Di pantai timur propinsi Sulawesi Tengah tepatnya di teluk Tomini di jumpai suku bangsa yang bahasanya sedikit lain dari bahasa Ledo dan bahasa Poso (Bare’e). mereka itu di namakan suku Tomini yang terdiri atas dua suku yaitu suku Tialo dan suku Lauje. Pada masyarakat ini di temui satu kepercayaan bahwa asal mula kejadian hidup ini ialah di suatu tempat di atas Pegunungan Palasa bernama Lembo Dayoan. Asal kejadiannya menurut cerita karena pertemuan langit dan bumi. Karena banyak kelompok etnis mendiami Sulawesi Tengah, maka terdapat pula banyak perbedaan di antara etnis tersebut yang merupakan kekhasan yang harmonis dalam masyarakat. Mereka yang tinggal di pantai bagian barat kabupaten Donggala telah bercampur dengan masyarakat Bugis dari Sulawesi Selatan dan masyarakat Gorontalo. Di bagian timur pulau Sulawesi, juga terdapat pengaruh kuat Gorontalo dan Manado, terlihat dari dialek daerah Luwuk, dan sebaran suku Gorontalo di kecamatan Bualemo yang cukup dominan.

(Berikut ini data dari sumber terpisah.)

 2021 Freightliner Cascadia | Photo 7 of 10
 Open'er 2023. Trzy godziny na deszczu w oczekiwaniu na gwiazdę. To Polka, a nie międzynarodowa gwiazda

Ada juga pengaruh dari Sumatera Barat seperti nampak dalam dekorasi upacara perkawinan. Kabupaten Donggala memiliki tradisi menenun kain warisan zaman Hindu. Pusat-pusat penenunan terdapat di Donggala Kodi, Watusampu, Palu, Tawaeli dan Banawa. Sistem tenun ikat ganda yang merupakan teknik spesial yang bermotif Bali, India dan Jepang masih dapat ditemukan. Sementara masyarakat pegunungan memiliki budaya tersendiri yang banyak dipengaruhi suku Toraja, Sulawesi Selatan. Meski demikian, tradisi, adat, model pakaian dan arsitektur rumah berbeda dengan Toraja, seperti contohnya ialah mereka menggunakan kulit beringin sebagai pakaian penghangat badan.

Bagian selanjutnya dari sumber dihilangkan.